# relection coefficient?

Discussion in 'Electronic Design' started by tim, Sep 4, 2004.

1. ### timGuest

Maybe I'm going nuts but I ran across this in Carr's book" Practical
Antenna Handbook". The formula is givin for the reflection coefficient
impedence plus char. impedence. R=Z_l -Z_o / Z_l+Z_o. He then gives
an example of a 50 ohm transmission line terminated in a 30 ohm
resistive impedence and says this ...R=50-30/50+30 without any sign
change in R. Shouldn't it be R= 30 -50/30+50 as 30 is the load?
I would just ignore this as errata but I've seen this same mistake
in several books so it makes me wonder if I'm missing something
simple? thanks

2. ### Ray AndersonGuest

tim wrote:
Shouldn't it be R= 30 -50/30+50 as 30 is the load?
The reflection coeffient is negative if Zl < Zo and positive if
Zl > Zo

For example:

R = (Zl - Zo) / (Zl + Zo)

Case 1 (Zl < Zo):

Zo=50
Zl=30

So R = (30-50)/(30+50) = -20/80 = -0.25

Case 2 (Zl > Zo):

Zo = 50
Zl = 70

R = (70-50)/(70+50) = 20/120 = +0.1667

Ray

3. ### timGuest

Thanks,my sanity is restored ( for now)...

4. ### John WoodgateGuest

The reflection coefficient is always positive, and so the equation
should be written R = |(Z1 - Zo)/(Z1 + Zo)|. |...| is the 'modulus'
sign, indication that the answer is to be taken as positive, even if it
isn't.

Note how (IMHO, of course) to deploy spaces in ASCII math, and how you
normally don't need to indicate subscripts (underscores make the
expressions longer, with little increase in clarity). You do
superscripts with ^, of course.

5. ### Tim WescottGuest

The author was probably taking the absolute value. Keep in mind that
the reflection coefficient is complex in general, so if Zl is imaginary:

Zl = j25 (an inductor), Zo = 50, so

R = (j25 - 50)/(j25 + 50) = -0.8 + j0.6.

There. Have I restored your insanity?

6. ### Ray AndersonGuest

John Woodgate wrote:

..
Consider a TDR, an instrument that measures the reflection coefficient
of a DUT.

If the DUT is, for example, a transmission line which is open circuited
at the far end then the reflected signal will be reflected from the open
circuit in phase with the incident signal and its amplitude will be a
function of the reflection coeeficient (a positive value in this case).

Now consider the same TDR connected to a the same transmission line that
is short circuited at the far end.

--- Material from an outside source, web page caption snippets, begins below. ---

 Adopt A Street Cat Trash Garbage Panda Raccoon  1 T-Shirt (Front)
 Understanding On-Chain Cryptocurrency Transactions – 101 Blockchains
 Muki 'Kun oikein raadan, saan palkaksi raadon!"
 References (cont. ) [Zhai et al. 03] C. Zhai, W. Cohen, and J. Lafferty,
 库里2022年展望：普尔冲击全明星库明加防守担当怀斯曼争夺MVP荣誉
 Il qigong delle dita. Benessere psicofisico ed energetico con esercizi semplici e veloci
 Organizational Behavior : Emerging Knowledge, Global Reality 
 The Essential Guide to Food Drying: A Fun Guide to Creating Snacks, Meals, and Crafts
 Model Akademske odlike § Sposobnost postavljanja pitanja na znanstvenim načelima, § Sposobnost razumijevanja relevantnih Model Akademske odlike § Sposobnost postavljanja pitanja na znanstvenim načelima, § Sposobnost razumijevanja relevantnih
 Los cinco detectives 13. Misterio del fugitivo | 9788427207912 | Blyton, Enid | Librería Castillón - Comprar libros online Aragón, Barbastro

The signal will be reflected from the
short circuit out of phase with the incident signal (i.e. it will
exhibit a negative reflection coefficient).

The above example cite the extreme boundary conditions (open and short),
however you will see the same effects for intermediate cases where the
load is either > Zo or < Zo.

The sign of rho (the reflection coefficient) does make a difference and
it isn't common practice to only use only the absolute value of rho.

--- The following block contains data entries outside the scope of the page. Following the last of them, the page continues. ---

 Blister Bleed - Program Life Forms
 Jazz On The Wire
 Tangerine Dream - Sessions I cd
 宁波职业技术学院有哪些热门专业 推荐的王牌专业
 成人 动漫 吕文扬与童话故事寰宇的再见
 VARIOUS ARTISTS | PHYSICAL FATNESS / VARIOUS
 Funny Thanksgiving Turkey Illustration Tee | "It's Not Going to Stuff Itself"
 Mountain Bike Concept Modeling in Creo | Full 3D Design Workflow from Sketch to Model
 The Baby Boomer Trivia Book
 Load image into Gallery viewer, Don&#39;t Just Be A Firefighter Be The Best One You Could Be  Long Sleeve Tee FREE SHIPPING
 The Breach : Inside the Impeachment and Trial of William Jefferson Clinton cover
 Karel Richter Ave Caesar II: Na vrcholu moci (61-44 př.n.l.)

See http://cnx.rice.edu/content/m11379/latest/ for a graphic explanation
on how the reflection coefficient (both postive and negative values) are
used in a "Bounce Diagram" to illustrate how an incident signal's
amplitude varies as it bounces back and forth on a transmission line
with various source and load impedances. For Bounce Diagrams to work you
need to consider the sign of rho.

-Ray

7. ### Ray AndersonGuest

Ray Anderson wrote:
..
Another thing or two occurred to me after I posted my last response.

Carr's book and the discussion contained therein are primarily assuming
the topic is analog RF (as were the comments made by John). In that
frame of reference, talking about the magnitude of rho makes sense as
the RF signal is probably being measured under steady-state conditions
long after any transient effects (where the sign of rho does make a
difference) have died out or stabilized. In these cases it is usually
the power of a reflection that is of interest.

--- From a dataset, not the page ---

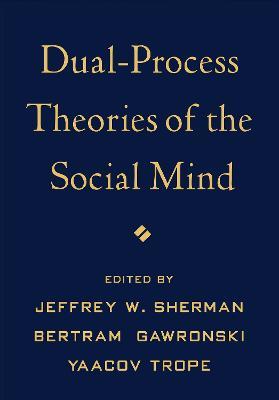 Dual-Process Theories of the Social Mind - cover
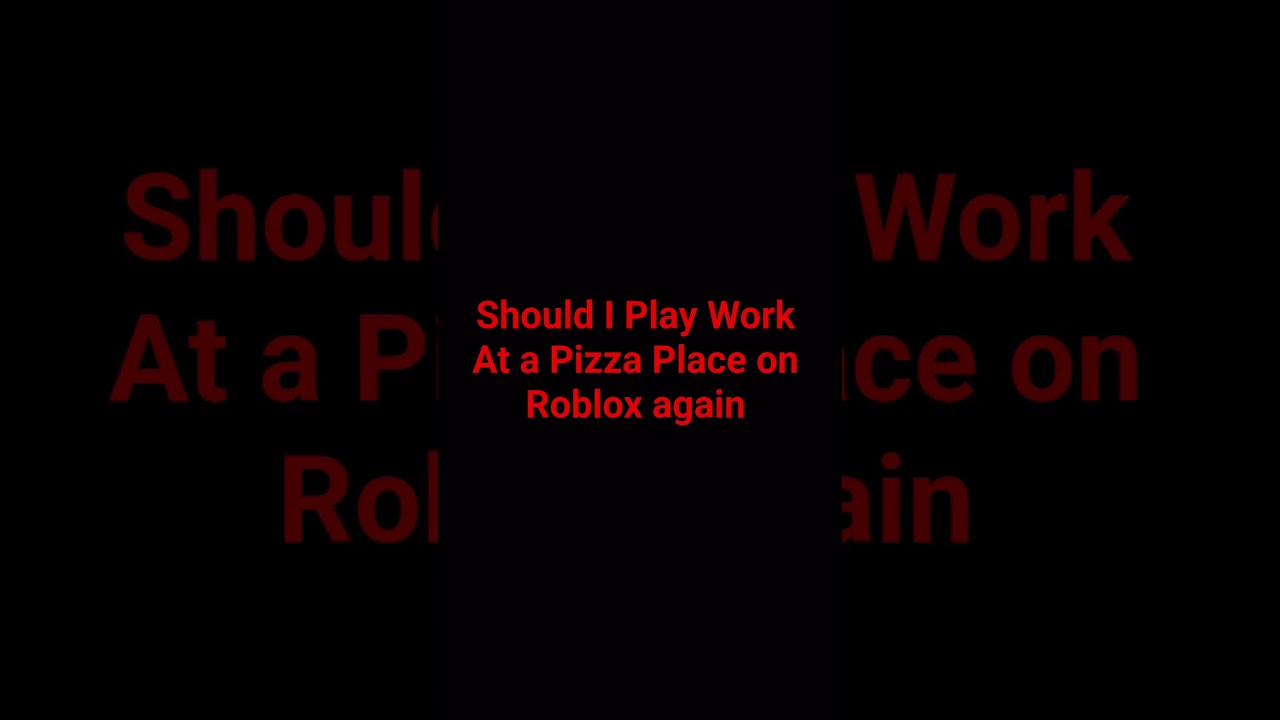 Should I Play Work At A Pizza Place on Roblox again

In the case of digital signaling, the sign of rho is significant and
can't be ignored. Usually the voltage and polarity of the reflection are
of interest in these cases.

-Ray

8. ### Fred BloggsGuest

Yeah- it's definitely an error- but for purposes of computing antenna
mismatch loss, which is 10 x LOG10(1-rho^2) dB, it makes no difference,
unless you have some other use you're putting the coefficient to.

9. ### Paul BurridgeGuest

I'm not sure that's correct. IIRC, the reflection in such
circumstances will depend on the length of the transmission line. You
can't take an arbitrary length of the stuff and expect to get zero or
total reflection at any wavelength. Aside from that - again IIRC and
it's been a while - the reflection coefficient is a positive value
between 0 (matched condition) and 1 (total mismatch), therefore, it
never goes negative.

10. ### Paul BurridgeGuest

Correction: the magnitude component never goes negative; there's a
phase component that may, though. No phase shift with an open tx line;
180' shift with a short and various shades of grey in between.
Thought I'd just correct myself before some jumped-up panjandrum like
Active8 sticks his 2p worth in.

11. ### Ray AndersonGuest

I may have not been entirely clear in regard to my statements about
reflections from shorts or opens.

In the example I submitted, I proposed either a perfect open or short at
the far end of some transmission line of some arbritrary length. (Yeah,
I know you can't in reality have a perfect open or short, but this is
hypothetical). The reflection coefficient caused by the end-of-line
discontinuity (i.e. open or short) will be either + 1 or -1 (or if you
will a magnitude of 1 with either a 0 or 180 degree phase angle). The
actual value of rho observed at the driving end of the line can (and
probably will be) different due to line loss, line Zo etc. The power of
the TDR is in its ability to discern the physical location of
discontinuities along a transmission line.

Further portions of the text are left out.